When you say the breeder was going to let you pick the puppy up much earlier, how much earlier? 

It's hard to suggest a breeder without knowing what kind of GSD you're looking for.


----------



## MaggieRoseLee (Aug 17, 2001)

It's true you may lose the deposit, but with a hip replacement at over $1000 a hip.... if you aren't sure you are dealing with a responsible breeder you may be out of it cheap by just losing the deposit. 

If you get a chance to look thru http://www.germanshepherds.com/forum/choosing-breeder/137533-things-look-responsible-breeder.html ( <- click that link) it will give you a good idea if your breeder is a good one or you need to rethink your choice.


----------



## WarrantsWifey (Dec 18, 2010)

Yea, Ozzy's momma got it right, How EARLY is earlier than 8 weeks??

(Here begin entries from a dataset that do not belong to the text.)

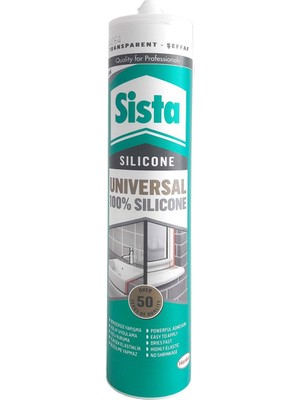 TeknoKapsül Sista Üniversal Şeffaf Silikon 280 ml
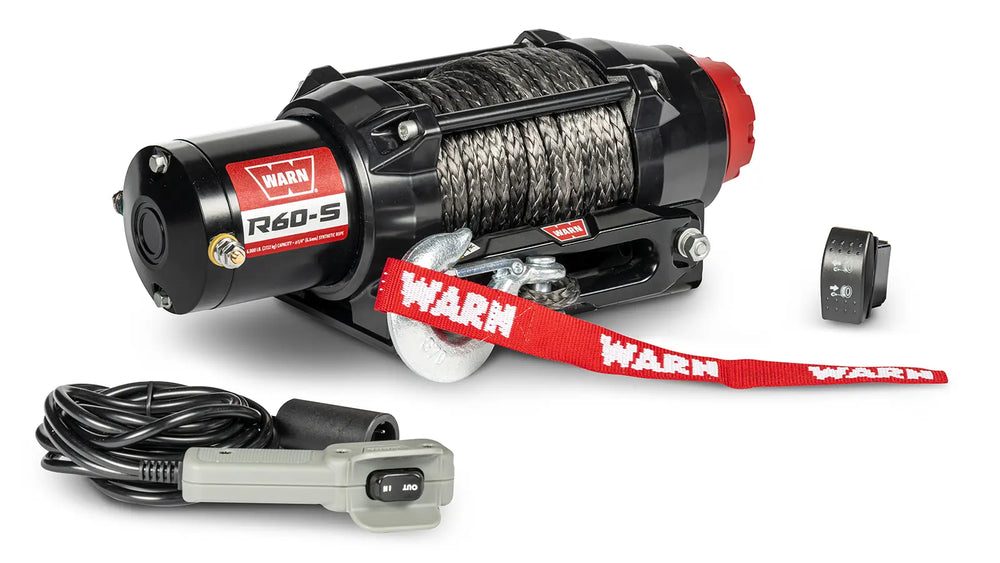 Warn R60-S Winch - 6000 lb Synthetic Rope UTV / ATV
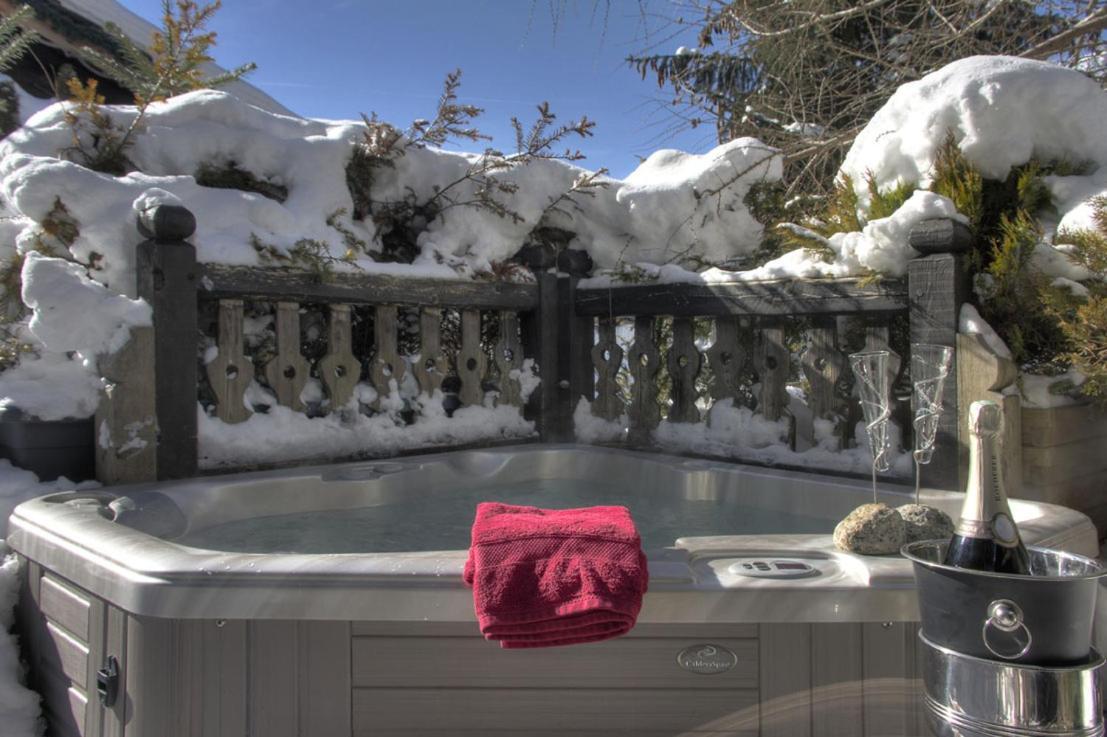 Hotel Les Chalets De Philippe Avec Jacuzzis Privatifs Chamonix Luaran gambar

I got Killian at 7 weeks old. The day of his temperament test. He did just fine, his temperament is great.... <3


----------



## volsyanks25 (Feb 6, 2011)

No, I had planned on making a trip before I was told about getting the pup early. I know I could ask the breeder to hold her, but im pretty sure that the rest of the pups will be gone. That defeats most of the purpose of waiting 8 weeks if the rest of the litter is gone. If its nonrefunable, I'll just have to bite the bullet. It's a small sacrifice for making sure i get a quality breeder and dog right? Thanks.


----------



## volsyanks25 (Feb 6, 2011)

The breeder( I use this term so I won't reveal who it was, so as not to bring someone down) said 4 weeks, and that really shocked me.


----------



## WarrantsWifey (Dec 18, 2010)

OH NO, NO!! Never separate a puppy at four weeks from it's momma.... RUN, not walk!!!


----------



## Smithie86 (Jan 9, 2001)

4 weeks in NOT GOOD>>>>>>>>

Who is selecting the puppy (you or breeder) and what is their experience?


----------



## Konotashi (Jan 11, 2010)

Four weeks is actually illegal. Run. Even if they won't give you your deposit back.


----------



## Whiteshepherds (Aug 21, 2010)

volsyanks25 said:


> The breeder( I use this term so I won't reveal who it was, so as not to bring someone down) said 4 weeks, and that really shocked me.


Wow, that's wrong. 
I'd try to get my deposit back, that's way too young.


----------



## sagelfn (Aug 13, 2009)

4wks is completely irresponsible. It doesn't matter if they have done everything else right. 4wks means they do not care about these puppies.

If you let us know what type of GSD you're looking for, what your plans with the dog are, etc.. we can help you find a good breeder or rescue if you would consider that.


----------



## MaggieRoseLee (Aug 17, 2001)

volsyanks25 said:


> The breeder( I use this term so I won't reveal who it was, so as not to bring someone down) said 4 weeks, and that really shocked me.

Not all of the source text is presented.